* _Problem to solve_
Retype, word for word, every line from the one holding "Jessica McClintock Gunne" through the one holding "ヘッドライト ブラックスモーク2007-2013 Chevy" in the entries below, both included, and only those lines.

* _Given records_

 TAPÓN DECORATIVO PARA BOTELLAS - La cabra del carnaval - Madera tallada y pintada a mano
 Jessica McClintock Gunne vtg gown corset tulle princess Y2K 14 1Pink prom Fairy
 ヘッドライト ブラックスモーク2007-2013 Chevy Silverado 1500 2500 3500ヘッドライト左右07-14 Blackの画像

* * *

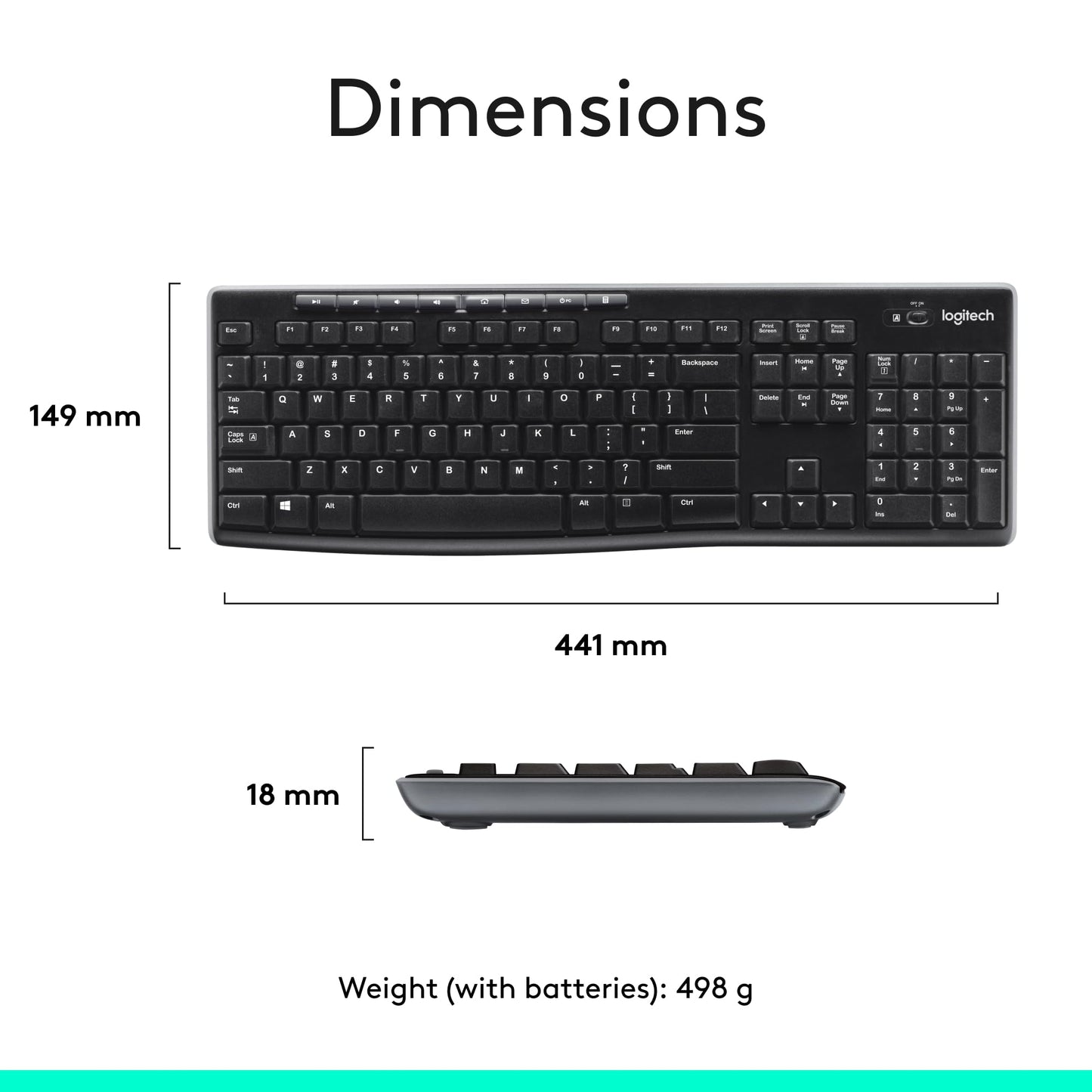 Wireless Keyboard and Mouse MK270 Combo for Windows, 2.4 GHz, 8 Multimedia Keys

* _Response box_
 Jessica McClintock Gunne vtg gown corset tulle princess Y2K 14 1Pink prom Fairy
 ヘッドライト ブラックスモーク2007-2013 Chevy Silverado 1500 2500 3500ヘッドライト左右07-14 Blackの画像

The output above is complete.